> [YOUR GOAL]: Skipping all pictures, print exactly the lines below from the one with "Audi A7L — фото 3" through the final line.

> [MATERIAL PROVIDED]:
###

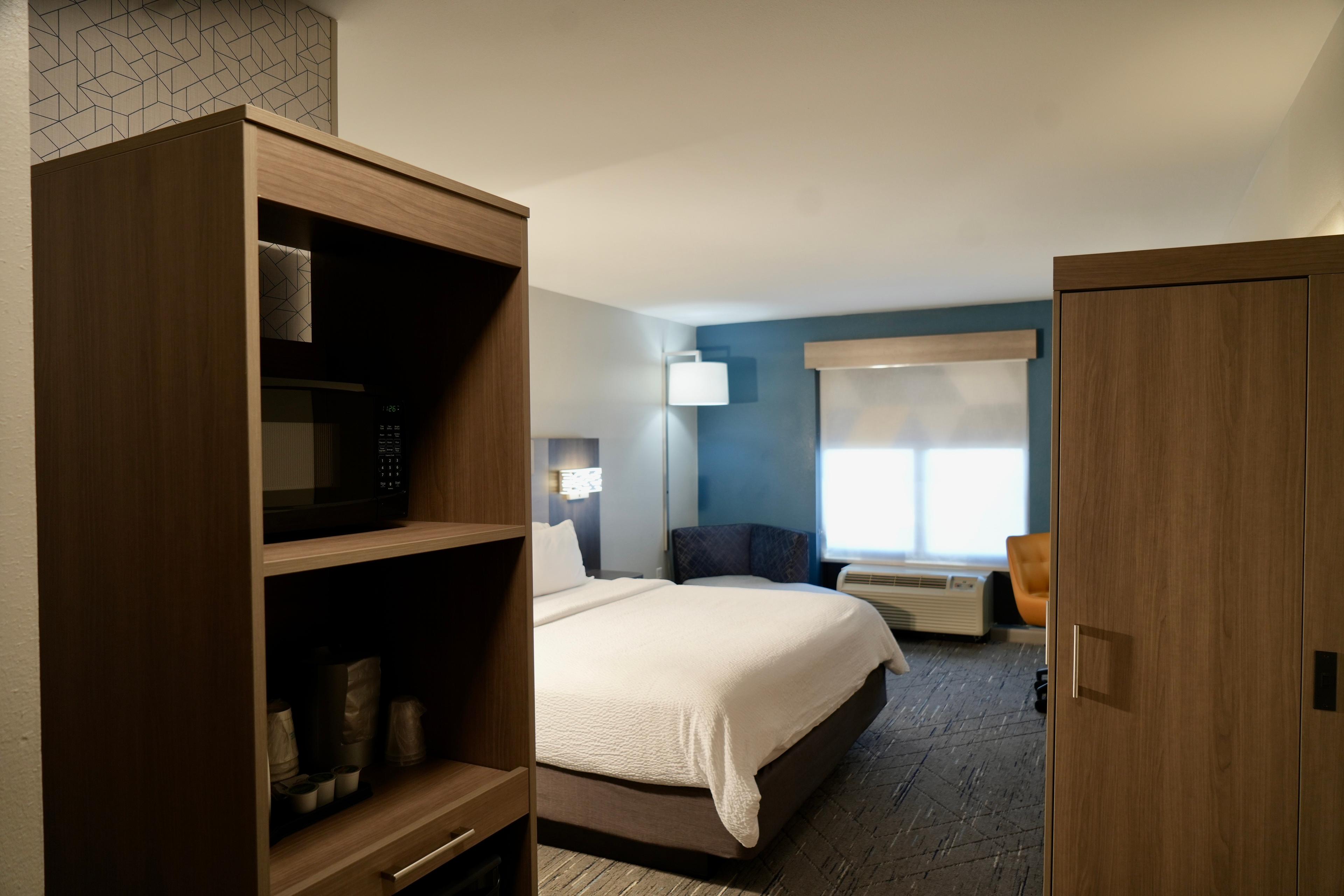 HOLIDAY INN EXP STES FLOWOOD BY IHG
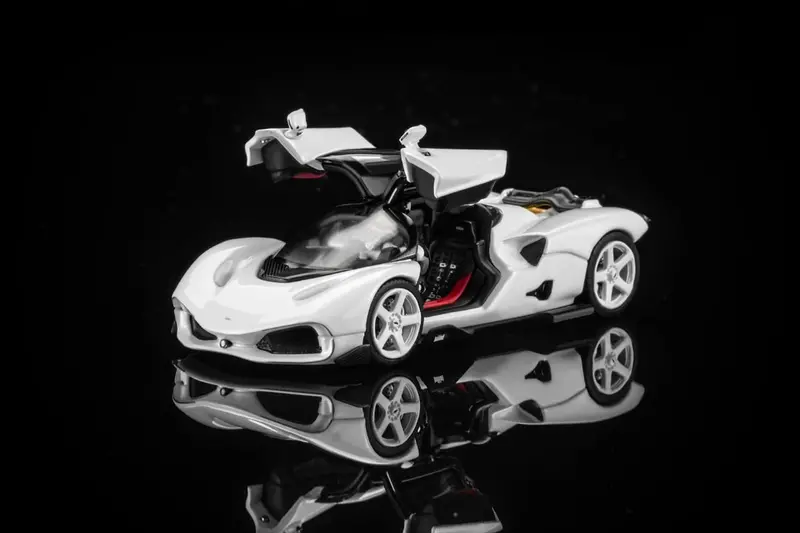 (Pre-Order) 1:64 Nilu Nilu27 -- Suzuka White -- Motorhelix 1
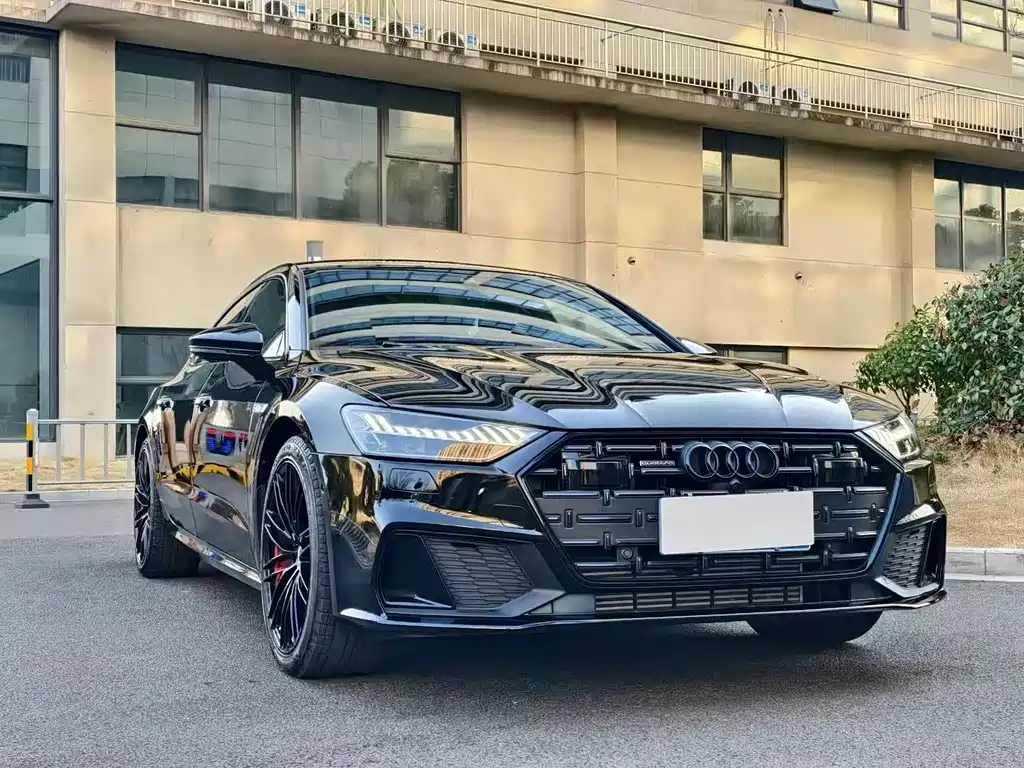 Audi A7L — фото 3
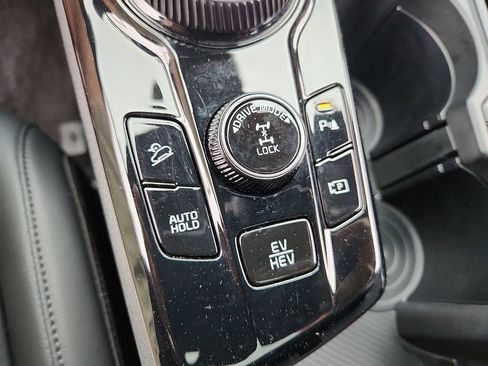 Used 2025 Kia Sportage X-Line Prestige AWD/4WD image 24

###

> [ANSWER AREA]:
 Audi A7L — фото 3
 Used 2025 Kia Sportage X-Line Prestige AWD/4WD image 24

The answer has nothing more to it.